Ogni tecnologia attraversa una stagione in cui promette di risolvere problemi non meglio identificati. L’intelligenza artificiale non fa eccezione. Per mesi l’abbiamo trattata come un coltellino svizzero capace di aprire qualsiasi serratura: produttività, creatività, decisioni, persino buon senso. Poi è arrivato il momento in cui qualcuno ha chiesto di vedere “l’ultimo numero in fondo a destra”. È lì che l’IA ha smesso di essere una narrazione e ha iniziato a diventare un progetto industriale, con tutte le sue noiose pretese: dati affidabili, processi coerenti, competenze diffuse.
Il punto non è che gli algoritmi siano improvvisamente diventati stupidi. È che hanno iniziato a riflettere fedelmente l’intelligenza delle organizzazioni che li usano. Dati sporchi producono risposte sporche, dataset incompleti generano decisioni miopi, archivi costruiti per adempiere a un obbligo normativo si rivelano inadatti a sostenere ambizioni predittive. L’IA non crea ordine dal caos: lo amplifica. In questo senso è uno specchio impietoso, ma onesto.

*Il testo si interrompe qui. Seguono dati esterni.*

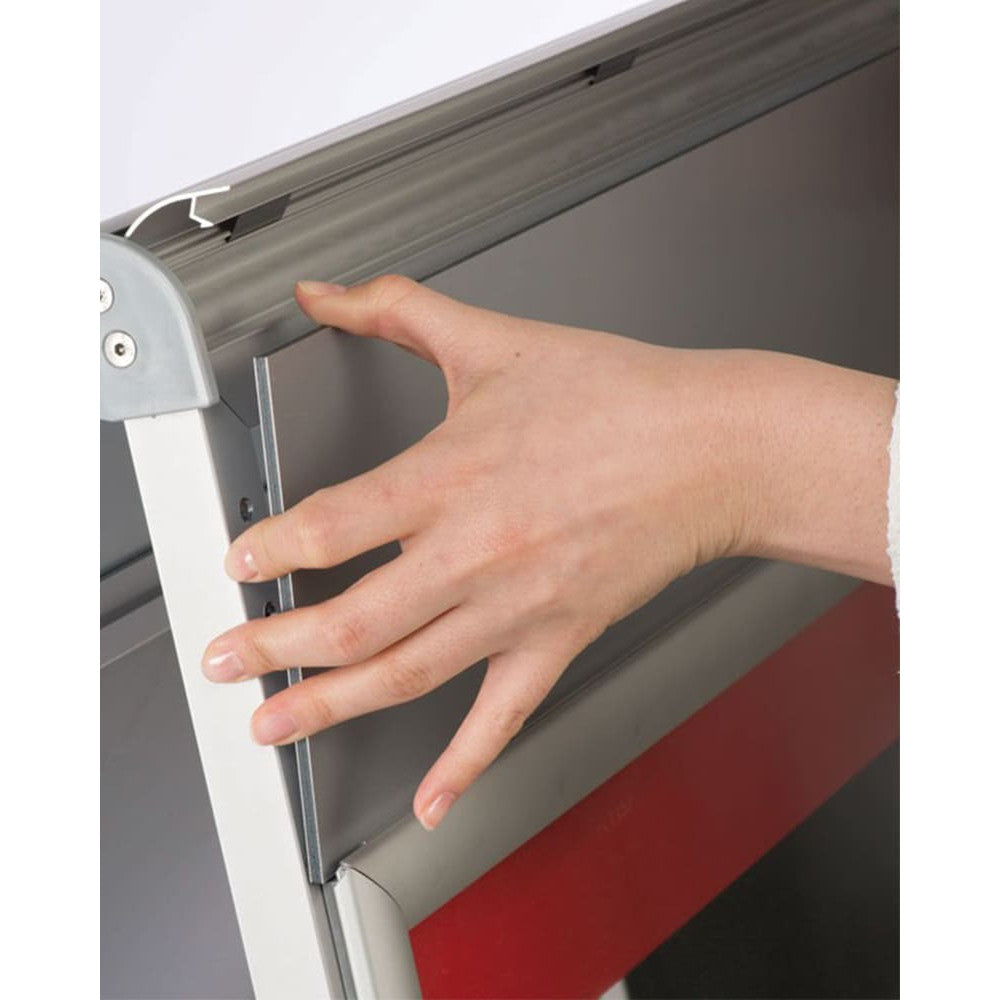 Premium Kundenstopper mit Logoplatte austauschbar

C’è poi la questione economica, che raramente fa notizia quanto una demo spettacolare. Addestrare, mantenere e integrare sistemi di intelligenza artificiale costa: in infrastrutture, in energia, in persone che sappiano governarli e non solo invocarli. Per anni si è dato per scontato che questi costi sarebbero stati temporanei e che i benefici, una volta superata la soglia magica dell’adozione, sarebbero diventati automatici. Oggi scopriamo che quella soglia non esiste o, se esiste, si sposta in avanti ogni volta che pensiamo di averla raggiunta.

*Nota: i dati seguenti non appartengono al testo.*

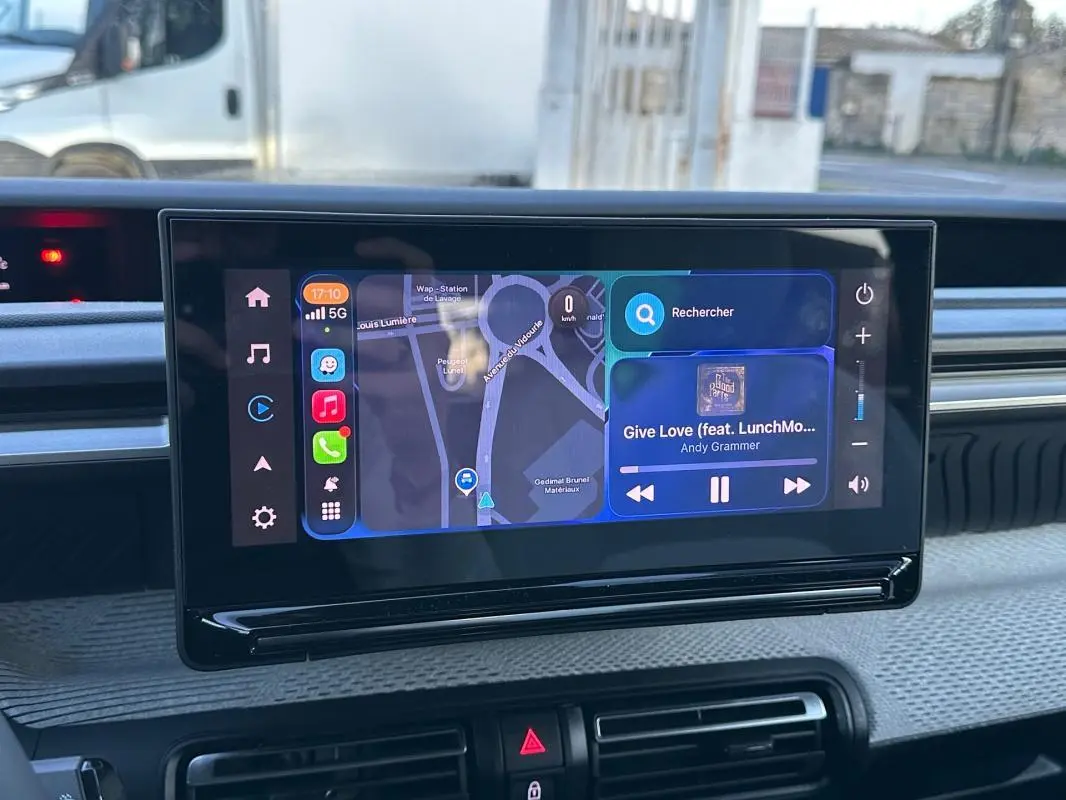 Écran tactile central de la Citroën C3 noire 2025 affichant navigation et musique, vue intérieure frontale.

La fase post-hype non è quindi una ritirata, ma un cambio di postura. L’intelligenza artificiale smette di essere una promessa di crescita infilata in un foglio Excel da esibire a un consiglio di amministrazione e diventa un attrezzo da lavoro, che funziona solo se qualcuno sa usarlo e soprattutto sa quando non usarlo. È un passaggio culturale prima ancora che tecnologico, e come tutti i passaggi culturali è lento, faticoso e poco fotogenico.
Forse è un bene; perché quando una tecnologia smette di promettere miracoli, inizia finalmente a fare il suo mestiere e il lavoro dell’intelligenza artificiale non è stupirci, ma aiutarci a capire meglio quello che già siamo. Il problema è che non sempre ci piace ciò che vediamo. Eppure, come accade con gli specchi, romperli non migliora l’immagine: la rende solo più difficile da ricomporre e per giunta ci regale sette anni di sfortuna.